#### Data excerpt

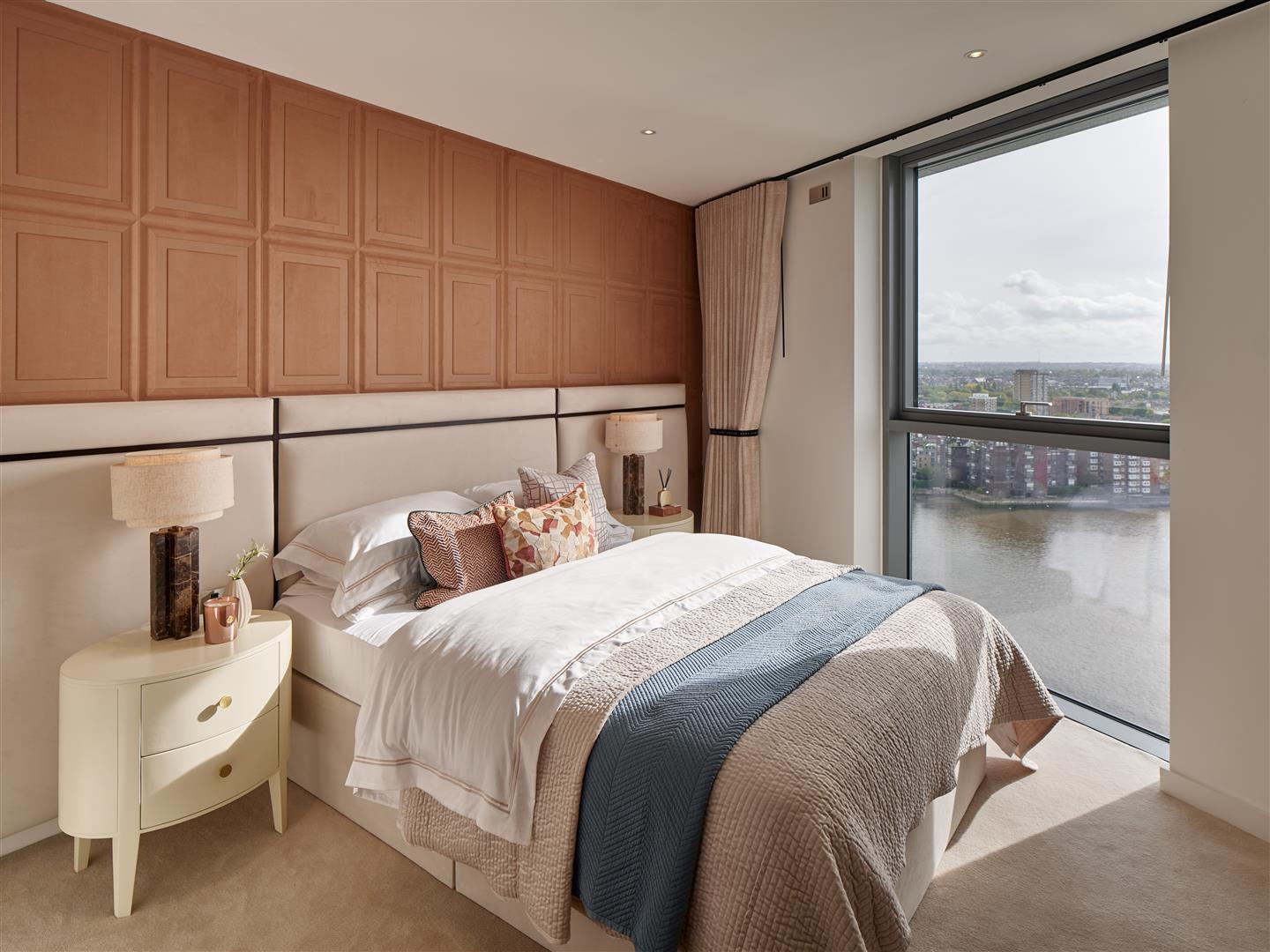 Luxury New Apartment At Tower West, Chelsea Waterfront SW10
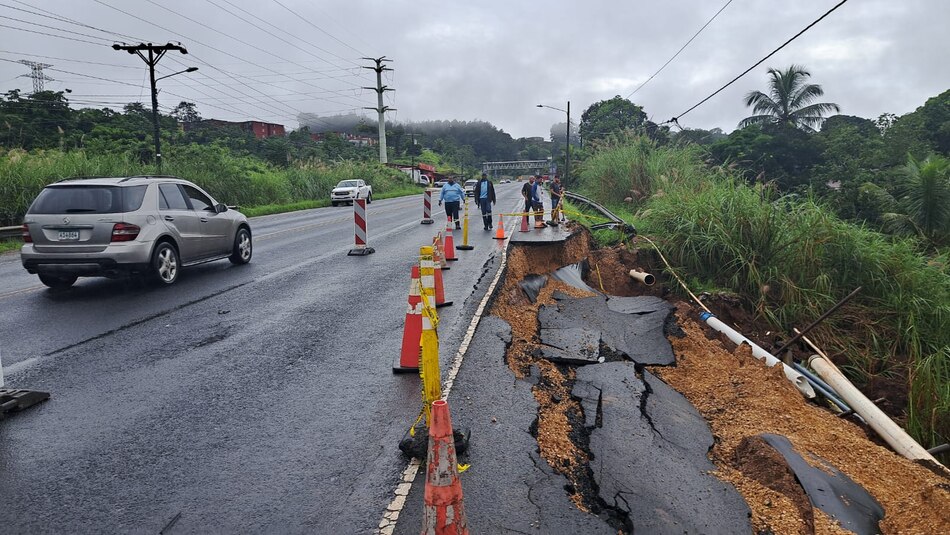 Se hunde parte de la vía Transístmica en Colón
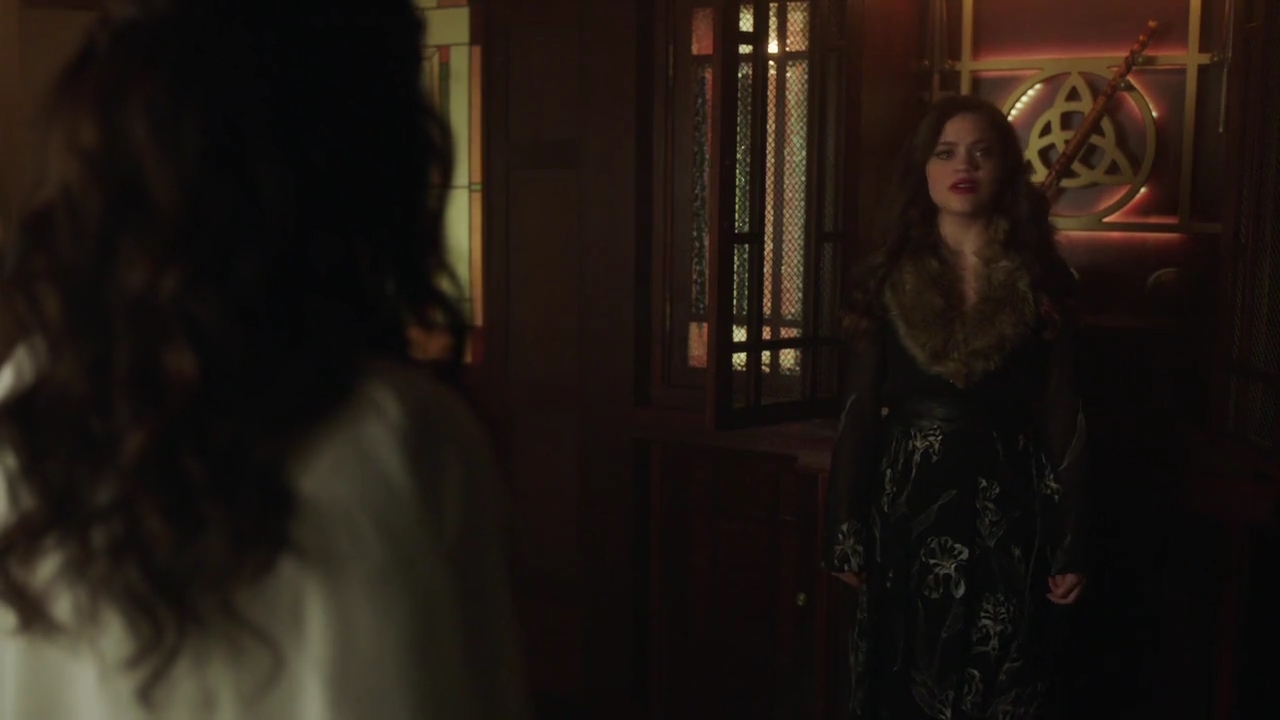 Charmed-Online-dot-nl_Charmed-1x20Ambush01728.jpg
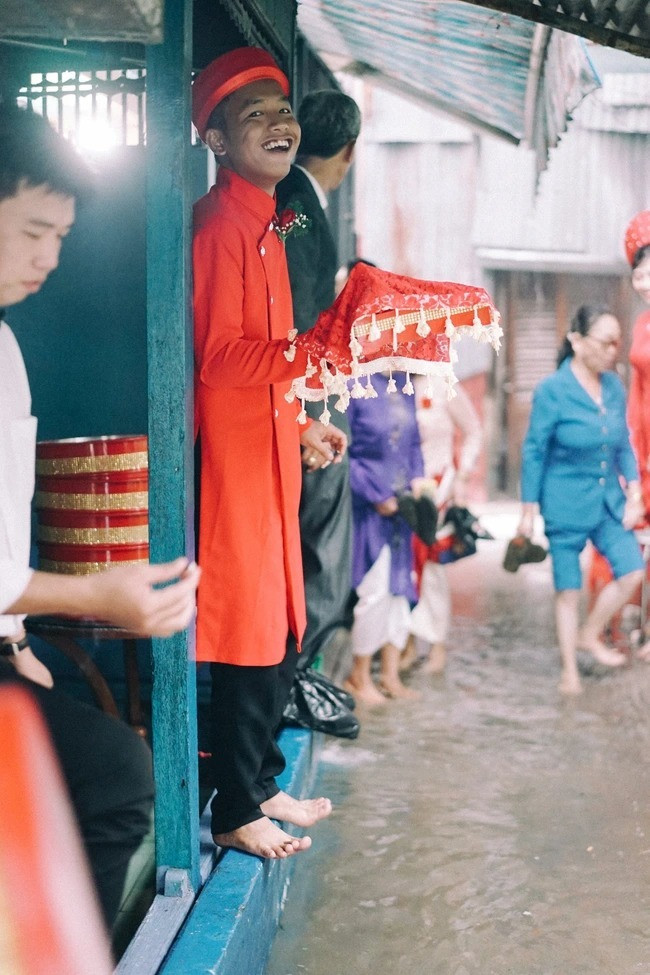 Tuy nhiên, đến khi rước dâu cơn mưa bất chợt đổ xuống khiến nước dâng cao, suýt tràn vào nhà. Nhìn vào cảnh này, không ít người tỏ ta ngán ngẩm và thầm than xui xẻo. Tuy nhiên, cô dâu Minh Thư lại thấy khá thú vị và đặc biệt.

#### How to complete this task
For this exercise, retype the data above exactly and skip every image.

#### Task result
 Luxury New Apartment At Tower West, Chelsea Waterfront SW10
 Se hunde parte de la vía Transístmica en Colón
 Charmed-Online-dot-nl_Charmed-1x20Ambush01728.jpg
 Tuy nhiên, đến khi rước dâu cơn mưa bất chợt đổ xuống khiến nước dâng cao, suýt tràn vào nhà. Nhìn vào cảnh này, không ít người tỏ ta ngán ngẩm và thầm than xui xẻo. Tuy nhiên, cô dâu Minh Thư lại thấy khá thú vị và đặc biệt.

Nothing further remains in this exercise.